What to produce:
Once the pictures are removed, reproduce what is left of the data below exactly.

Dataset extract:
====
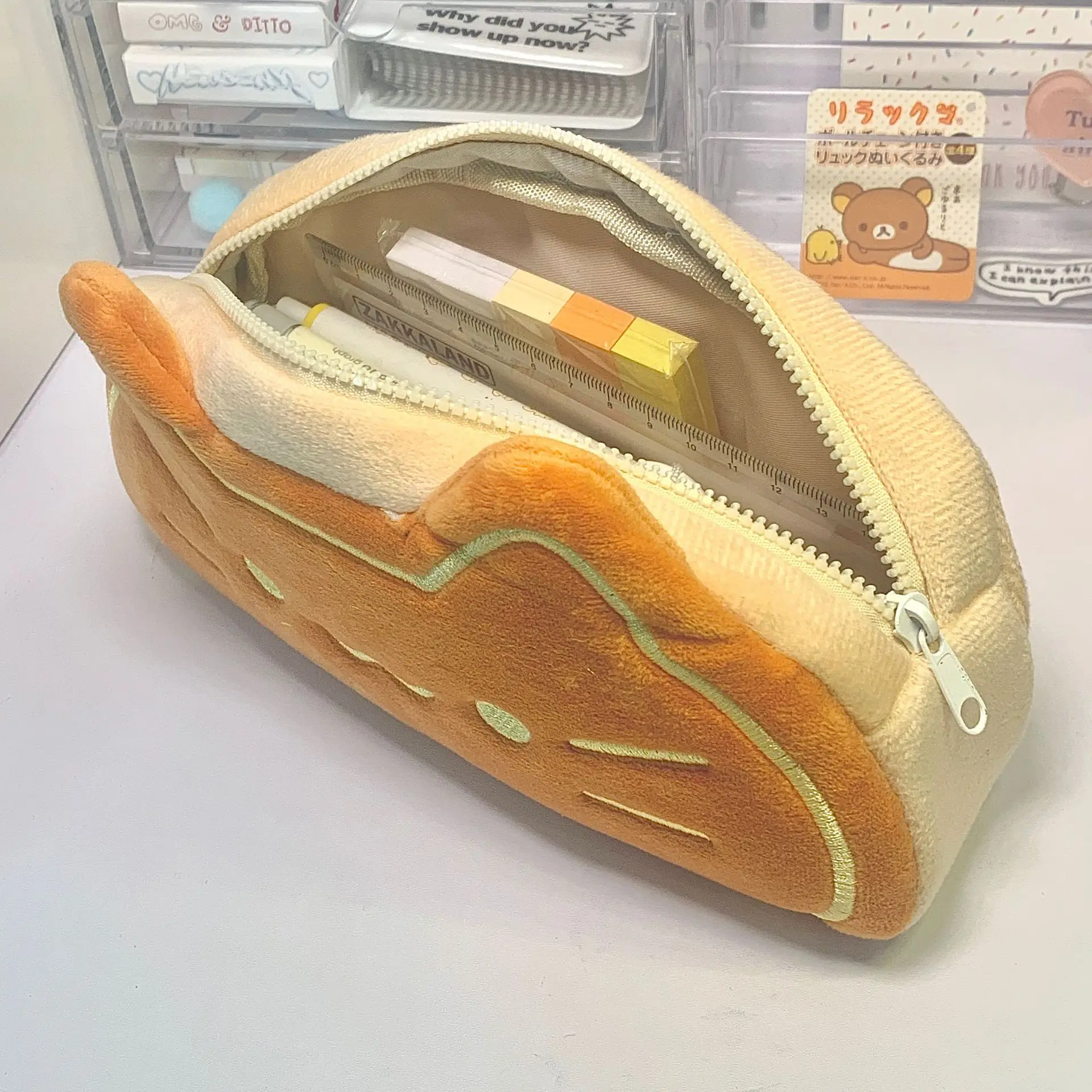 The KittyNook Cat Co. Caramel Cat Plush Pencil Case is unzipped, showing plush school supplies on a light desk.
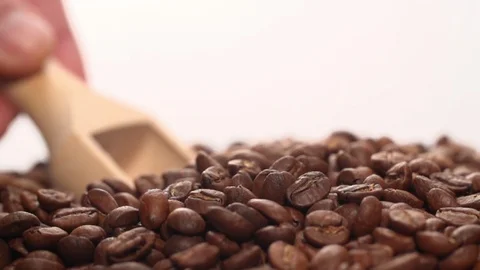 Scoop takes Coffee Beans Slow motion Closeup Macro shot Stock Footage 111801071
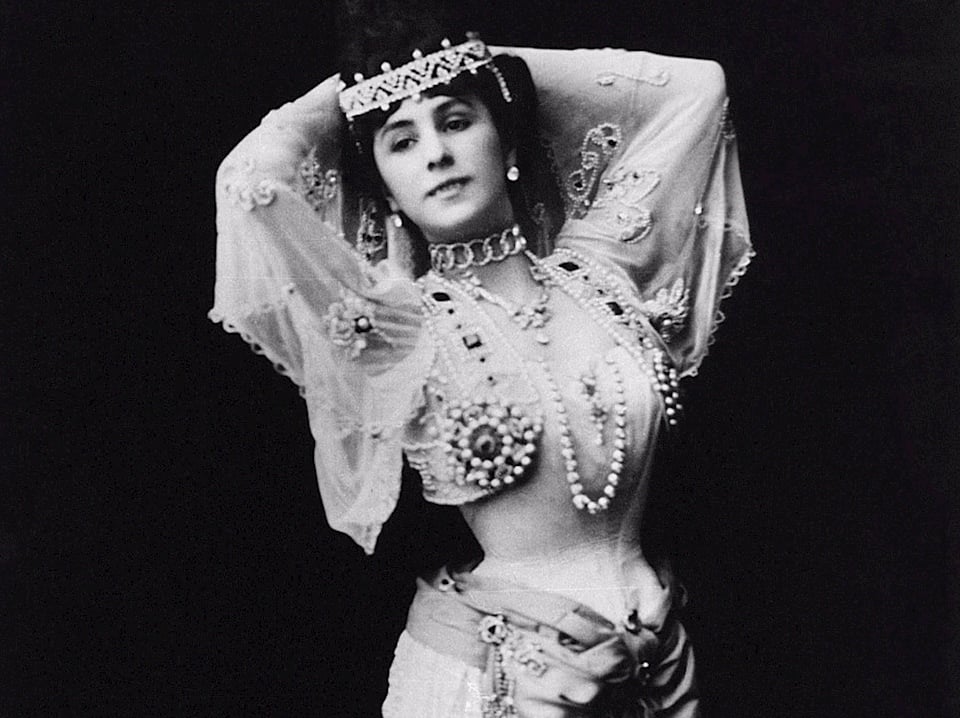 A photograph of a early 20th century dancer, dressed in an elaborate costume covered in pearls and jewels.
====
Reply:
 The KittyNook Cat Co. Caramel Cat Plush Pencil Case is unzipped, showing plush school supplies on a light desk.
 Scoop takes Coffee Beans Slow motion Closeup Macro shot Stock Footage 111801071
 A photograph of a early 20th century dancer, dressed in an elaborate costume covered in pearls and jewels.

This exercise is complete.